4.2  Comments and Responses

  This section details some of Mr Mortimore's comments with BP/BTC and/or Independent Engineer responses.

Comment:

  "Probably the worst case condition for an epoxy is immediately downstream of early main pumping stations where the coating will be running hot, maybe up to 70ºC in fully immersed state at different times of the year."

BTC/BP Response:

  "The BTC pipeline will operate at 50ºC so this 50ºC is not an issue. The SPC pipeline will run hotter for approximately 5 km down stream of Sangachal, there is only one compressor. The compressor shuts in at 72ºC and is expected to operate well below 70ºC."

Comment:

  "no pipeline owner has been identified who specifies this product, for this exact purpose, anywhere in the world. It has limited use as field joint coating on FBE coated pipe in Canada but not on PE coated pipe."

BTC/BP Response:

  "If we adopted the same negative attitude to the selection of line pipe coatings we would still be applying coal tar and asphalt enamel to wire brushed steel surfaces rather than benefiting from the superior performance we get from FBE and three layer FBE-polyolefin coatings."

Independent Engineer Response:

  Even though the SPC coating material SP-2888 may not have been used on projects with 3-layer PE coated line pipe it has been used on a significant number of projects in the Canada and United States. Our cathodic protection specialist considers coating of field joints of 3-layer PE coated line pipe to be very important and believes that liquid coating materials, including the selected product, are a positive step change, which seem to be confirmed by BP (AGT Pipelines Project) evaluation and testing program.

  The outermost layer of the "3 layer, polyethylene (PE)" pipeline coating system (used on the BTC pipeline) is polyethylene, a very slick material. Because of its physical characteristics, it is held in place by the second layer of the coating system—an adhesive. Field joint coating systems for use on 3-layer PE coated pipelines have generally been some form of a "tape wrap" and adhesive system. There is no real bond between the polyethylene of the pipeline coating and the joint coating other than the adhesive therefore making the field joint coating design life dependent on the stability of the adhesive. If the adhesive fails, the tape wrap can disbond as a sheet allowing moisture underneath the wrap material and shield the underlying bare metal from the cathodic protection current. Liquid field joint coating systems such as SP-2888 cure in place, which allows them to mechanically bond with the prepared surfaces underneath, whether metal, fusion bonded epoxy or polyethylene. This mechanical bond should provide an extended design life over an adhesive bond.

Comment:

  "If new toe has to be made by end cutting the PE—how is this to be done? There is no known way to accurately recut the coating end by hand."

BTC/BP Response:

  "There is a known way to remake the cutback on three layer FBE-polypropylene in the field and this was used successfully on the ADCO Thamama C and F Project in Habshan, UAE. In 1994—on every field joint. This procedure could be employed on three layer FBE-polyethylene with minor changes to the procedure."

Comment:

  "<5ºC will be experienced throughout the winter period. Should construction shut down for four months just because of the paint?"
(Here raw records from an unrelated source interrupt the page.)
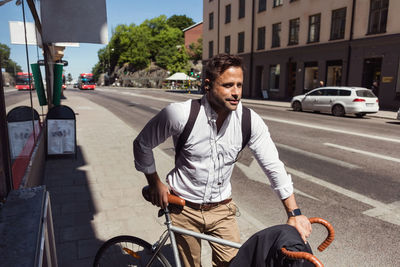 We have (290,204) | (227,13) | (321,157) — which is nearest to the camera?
(290,204)

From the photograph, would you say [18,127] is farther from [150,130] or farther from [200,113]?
[200,113]

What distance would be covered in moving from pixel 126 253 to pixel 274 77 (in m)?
31.0

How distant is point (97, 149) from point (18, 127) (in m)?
4.69

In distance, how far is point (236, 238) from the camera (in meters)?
2.28

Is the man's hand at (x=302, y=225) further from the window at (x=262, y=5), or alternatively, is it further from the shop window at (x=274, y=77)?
the window at (x=262, y=5)

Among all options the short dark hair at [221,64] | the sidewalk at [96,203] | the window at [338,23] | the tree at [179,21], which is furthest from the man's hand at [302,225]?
the tree at [179,21]

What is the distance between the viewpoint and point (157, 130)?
2055 mm

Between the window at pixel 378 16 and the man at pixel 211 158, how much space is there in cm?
2293

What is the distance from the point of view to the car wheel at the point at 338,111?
16562 millimetres

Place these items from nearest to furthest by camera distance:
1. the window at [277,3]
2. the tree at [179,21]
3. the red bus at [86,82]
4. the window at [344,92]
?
the window at [344,92], the window at [277,3], the red bus at [86,82], the tree at [179,21]

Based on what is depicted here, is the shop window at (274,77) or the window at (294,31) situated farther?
the shop window at (274,77)

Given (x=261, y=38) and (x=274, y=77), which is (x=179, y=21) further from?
(x=274, y=77)

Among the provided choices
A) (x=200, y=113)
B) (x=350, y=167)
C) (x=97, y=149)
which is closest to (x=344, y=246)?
(x=200, y=113)

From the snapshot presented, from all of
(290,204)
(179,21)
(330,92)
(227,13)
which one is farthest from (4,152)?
(179,21) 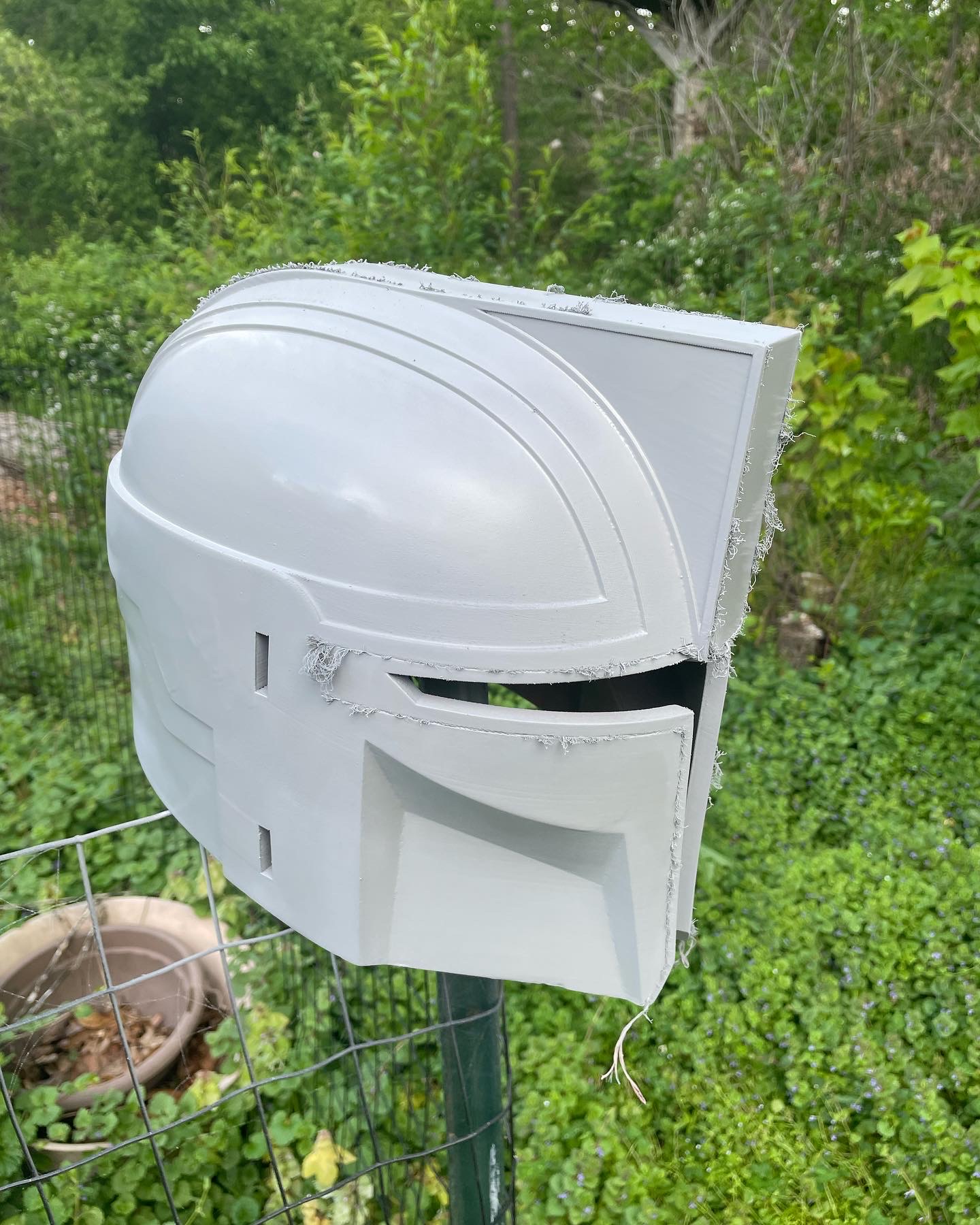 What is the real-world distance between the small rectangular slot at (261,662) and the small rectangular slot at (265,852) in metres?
0.19

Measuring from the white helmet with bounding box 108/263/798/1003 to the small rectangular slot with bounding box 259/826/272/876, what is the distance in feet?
0.04

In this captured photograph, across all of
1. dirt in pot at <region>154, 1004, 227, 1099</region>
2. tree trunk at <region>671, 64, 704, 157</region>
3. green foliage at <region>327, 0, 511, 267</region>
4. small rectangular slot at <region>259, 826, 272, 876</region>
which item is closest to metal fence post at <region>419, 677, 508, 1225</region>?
small rectangular slot at <region>259, 826, 272, 876</region>

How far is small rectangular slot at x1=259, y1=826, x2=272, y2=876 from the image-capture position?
1056mm

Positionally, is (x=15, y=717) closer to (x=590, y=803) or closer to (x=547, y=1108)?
(x=547, y=1108)

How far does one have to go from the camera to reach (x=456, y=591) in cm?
88

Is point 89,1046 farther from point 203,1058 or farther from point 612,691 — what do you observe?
point 612,691

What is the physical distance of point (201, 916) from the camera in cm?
270

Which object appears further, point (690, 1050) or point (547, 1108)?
point (690, 1050)

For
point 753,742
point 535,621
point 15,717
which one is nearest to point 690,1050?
point 753,742

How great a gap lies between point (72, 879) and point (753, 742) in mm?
2634

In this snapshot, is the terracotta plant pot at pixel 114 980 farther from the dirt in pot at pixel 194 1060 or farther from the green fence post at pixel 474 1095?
the green fence post at pixel 474 1095

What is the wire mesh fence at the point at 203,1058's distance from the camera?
1.61 metres

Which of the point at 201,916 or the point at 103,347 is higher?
the point at 103,347

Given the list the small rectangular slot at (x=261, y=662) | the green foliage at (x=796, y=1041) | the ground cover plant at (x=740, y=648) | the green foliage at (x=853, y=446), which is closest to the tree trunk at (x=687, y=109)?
the ground cover plant at (x=740, y=648) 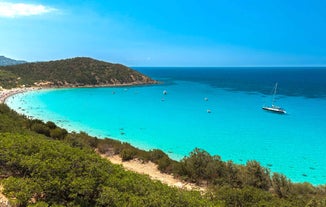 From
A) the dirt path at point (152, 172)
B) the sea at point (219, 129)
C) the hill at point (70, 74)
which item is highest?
the hill at point (70, 74)

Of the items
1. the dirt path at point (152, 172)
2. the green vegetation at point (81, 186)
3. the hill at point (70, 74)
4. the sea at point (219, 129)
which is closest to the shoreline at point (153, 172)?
the dirt path at point (152, 172)

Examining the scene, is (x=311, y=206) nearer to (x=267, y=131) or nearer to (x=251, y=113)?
(x=267, y=131)

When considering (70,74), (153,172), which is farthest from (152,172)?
(70,74)

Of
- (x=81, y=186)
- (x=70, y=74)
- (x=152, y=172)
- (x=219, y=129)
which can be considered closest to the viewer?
(x=81, y=186)

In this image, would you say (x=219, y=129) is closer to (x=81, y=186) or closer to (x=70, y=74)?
(x=81, y=186)

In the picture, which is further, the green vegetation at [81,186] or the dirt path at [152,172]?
the dirt path at [152,172]

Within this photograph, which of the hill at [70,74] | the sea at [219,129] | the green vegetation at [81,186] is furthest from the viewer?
the hill at [70,74]

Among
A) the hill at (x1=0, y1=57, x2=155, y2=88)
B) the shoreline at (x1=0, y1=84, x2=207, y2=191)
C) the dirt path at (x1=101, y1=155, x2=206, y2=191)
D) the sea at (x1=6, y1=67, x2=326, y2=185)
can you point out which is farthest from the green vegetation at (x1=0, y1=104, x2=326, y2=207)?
the hill at (x1=0, y1=57, x2=155, y2=88)

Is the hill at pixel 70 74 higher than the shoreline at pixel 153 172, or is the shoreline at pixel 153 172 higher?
the hill at pixel 70 74

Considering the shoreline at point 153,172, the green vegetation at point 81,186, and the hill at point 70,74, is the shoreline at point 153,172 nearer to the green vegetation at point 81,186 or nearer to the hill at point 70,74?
the green vegetation at point 81,186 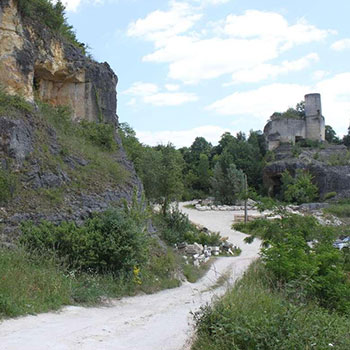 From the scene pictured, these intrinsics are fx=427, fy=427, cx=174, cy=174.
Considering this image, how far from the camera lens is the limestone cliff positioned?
12.2 metres

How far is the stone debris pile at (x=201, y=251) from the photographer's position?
17161mm

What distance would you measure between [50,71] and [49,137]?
14.9 ft

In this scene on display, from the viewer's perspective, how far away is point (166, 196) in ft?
78.2

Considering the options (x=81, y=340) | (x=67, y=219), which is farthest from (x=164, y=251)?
(x=81, y=340)

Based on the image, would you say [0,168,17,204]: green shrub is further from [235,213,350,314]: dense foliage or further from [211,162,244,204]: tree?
[211,162,244,204]: tree

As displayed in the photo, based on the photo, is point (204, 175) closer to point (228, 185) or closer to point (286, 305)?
point (228, 185)

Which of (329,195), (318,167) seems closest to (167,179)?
(329,195)

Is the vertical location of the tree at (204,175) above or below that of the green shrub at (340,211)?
above

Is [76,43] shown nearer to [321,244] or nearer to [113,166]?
[113,166]

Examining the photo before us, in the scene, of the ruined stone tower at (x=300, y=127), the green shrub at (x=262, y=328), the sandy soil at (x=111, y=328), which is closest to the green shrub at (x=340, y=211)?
the ruined stone tower at (x=300, y=127)

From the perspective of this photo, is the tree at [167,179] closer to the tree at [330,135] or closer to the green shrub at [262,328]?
the green shrub at [262,328]

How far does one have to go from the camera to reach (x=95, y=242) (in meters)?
10.8

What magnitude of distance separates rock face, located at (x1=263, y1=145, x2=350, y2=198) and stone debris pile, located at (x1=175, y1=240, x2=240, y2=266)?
962 inches

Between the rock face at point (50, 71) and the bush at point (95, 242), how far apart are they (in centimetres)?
644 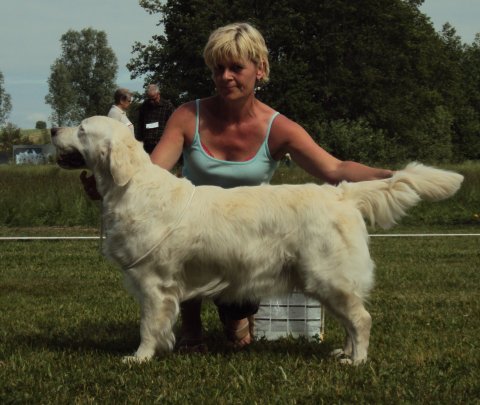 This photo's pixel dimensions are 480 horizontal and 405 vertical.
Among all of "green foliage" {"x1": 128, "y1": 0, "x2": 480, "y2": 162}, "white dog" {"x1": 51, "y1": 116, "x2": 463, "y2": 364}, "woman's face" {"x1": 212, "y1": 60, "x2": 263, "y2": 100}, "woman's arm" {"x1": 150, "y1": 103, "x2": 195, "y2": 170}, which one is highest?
"green foliage" {"x1": 128, "y1": 0, "x2": 480, "y2": 162}

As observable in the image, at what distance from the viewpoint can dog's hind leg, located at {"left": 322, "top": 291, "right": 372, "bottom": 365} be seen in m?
4.02

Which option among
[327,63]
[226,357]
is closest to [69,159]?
[226,357]

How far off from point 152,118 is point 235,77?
6571 millimetres

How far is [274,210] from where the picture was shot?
3.99 metres

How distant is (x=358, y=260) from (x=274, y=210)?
53 cm

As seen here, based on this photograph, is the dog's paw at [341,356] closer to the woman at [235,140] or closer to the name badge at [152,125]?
the woman at [235,140]

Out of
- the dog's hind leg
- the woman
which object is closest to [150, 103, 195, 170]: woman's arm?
the woman

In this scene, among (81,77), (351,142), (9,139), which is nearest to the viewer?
(351,142)

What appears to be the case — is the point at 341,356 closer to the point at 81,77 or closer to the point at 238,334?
the point at 238,334

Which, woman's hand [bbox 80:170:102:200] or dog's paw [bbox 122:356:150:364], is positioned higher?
woman's hand [bbox 80:170:102:200]

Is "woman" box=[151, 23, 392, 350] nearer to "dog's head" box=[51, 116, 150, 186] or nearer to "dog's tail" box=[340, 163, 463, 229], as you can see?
"dog's tail" box=[340, 163, 463, 229]

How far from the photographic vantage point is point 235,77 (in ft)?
14.6

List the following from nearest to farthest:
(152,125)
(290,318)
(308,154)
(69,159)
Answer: (69,159)
(308,154)
(290,318)
(152,125)

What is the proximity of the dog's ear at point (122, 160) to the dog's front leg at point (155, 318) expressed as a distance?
0.62 meters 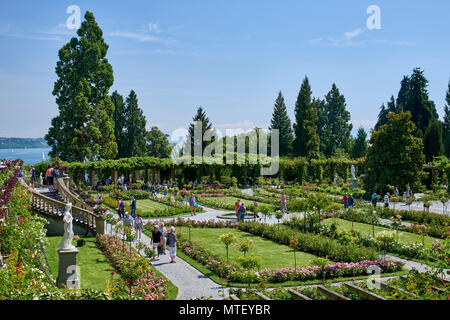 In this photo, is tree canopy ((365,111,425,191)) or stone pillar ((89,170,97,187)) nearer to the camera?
tree canopy ((365,111,425,191))

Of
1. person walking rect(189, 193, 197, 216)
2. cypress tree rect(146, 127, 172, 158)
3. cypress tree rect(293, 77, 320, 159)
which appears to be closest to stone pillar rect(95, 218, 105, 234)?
person walking rect(189, 193, 197, 216)

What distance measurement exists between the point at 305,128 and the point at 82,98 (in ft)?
80.3

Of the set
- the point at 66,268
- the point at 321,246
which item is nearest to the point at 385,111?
the point at 321,246

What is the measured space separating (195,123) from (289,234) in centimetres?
3926

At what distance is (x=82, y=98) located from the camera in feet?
112

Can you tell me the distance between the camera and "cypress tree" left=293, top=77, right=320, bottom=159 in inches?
1794

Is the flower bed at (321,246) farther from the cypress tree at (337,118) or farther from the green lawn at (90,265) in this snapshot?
the cypress tree at (337,118)

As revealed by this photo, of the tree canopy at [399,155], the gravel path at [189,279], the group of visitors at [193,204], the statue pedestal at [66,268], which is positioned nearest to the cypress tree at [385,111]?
the tree canopy at [399,155]

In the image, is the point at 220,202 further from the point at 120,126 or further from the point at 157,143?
the point at 157,143

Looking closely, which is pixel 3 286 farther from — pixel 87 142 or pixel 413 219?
pixel 87 142

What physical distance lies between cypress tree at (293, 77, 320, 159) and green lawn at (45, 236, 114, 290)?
34642mm

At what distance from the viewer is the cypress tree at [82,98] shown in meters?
34.7

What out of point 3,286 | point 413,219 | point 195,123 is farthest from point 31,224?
point 195,123

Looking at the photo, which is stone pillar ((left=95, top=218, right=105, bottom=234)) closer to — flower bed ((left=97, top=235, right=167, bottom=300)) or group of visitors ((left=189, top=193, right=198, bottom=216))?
flower bed ((left=97, top=235, right=167, bottom=300))
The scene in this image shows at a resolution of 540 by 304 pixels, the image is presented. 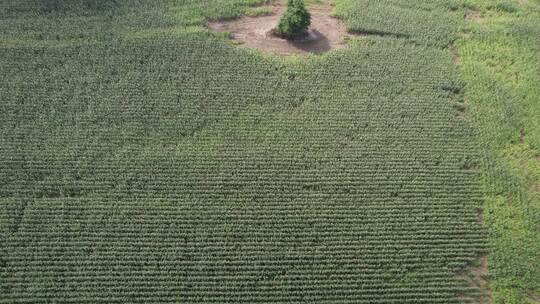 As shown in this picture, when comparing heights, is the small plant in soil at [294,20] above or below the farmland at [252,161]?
above

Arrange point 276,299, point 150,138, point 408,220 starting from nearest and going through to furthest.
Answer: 1. point 276,299
2. point 408,220
3. point 150,138

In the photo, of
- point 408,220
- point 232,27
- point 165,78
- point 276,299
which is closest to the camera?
point 276,299

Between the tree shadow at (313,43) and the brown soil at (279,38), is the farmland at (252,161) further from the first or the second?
the tree shadow at (313,43)

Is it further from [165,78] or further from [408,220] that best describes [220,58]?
[408,220]

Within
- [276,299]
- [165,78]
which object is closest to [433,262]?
[276,299]

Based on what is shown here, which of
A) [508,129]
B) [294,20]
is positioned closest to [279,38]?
[294,20]

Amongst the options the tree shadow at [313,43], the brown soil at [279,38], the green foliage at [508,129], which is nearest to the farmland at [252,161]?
the green foliage at [508,129]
Independent Engineer Response:

  The application of any field joint coating, including heat shrink sleeves (wraps), requires special procedures and/or equipment during cold weather. SP-2888 coating has been installed in the winter in the United States and Canada (where it gets pretty cold).

Comment:

  "The contractor cannot know how to cure the applied epoxy in all conditions and will ask for instruction from BP. Do we know how to cure it?"

BTC/BP Response:

  "The contractor will be provided with comprehensive data in respect of the impact of temperature on curing rates."

Independent Engineer Response:

  In fact, the selected field joint coating subcontractor for both the Azerbaijan and Georgian pipeline construction contractors was involved in the BP/BTC testing program.

Comment:

  "For the second time the spec calls for roller application when this was never at any time tested prior to issue of spec."

BTC/BP Response:

  "Rollers were used. Roller application has been used widely on other projects and is the recommended method of hand application."

Comment:

  "It is an absolute requirement that the coating applied over the PE has sufficient impact resistance to resist backfill impact as if it shatters the resulting cracks will transmit into the coating on the steel."

BTC/BP Response:

  "The coating may or may not be damaged by impact in cold weather, but it will certainly not suffer the same damage from soil stressing as the alternatives available."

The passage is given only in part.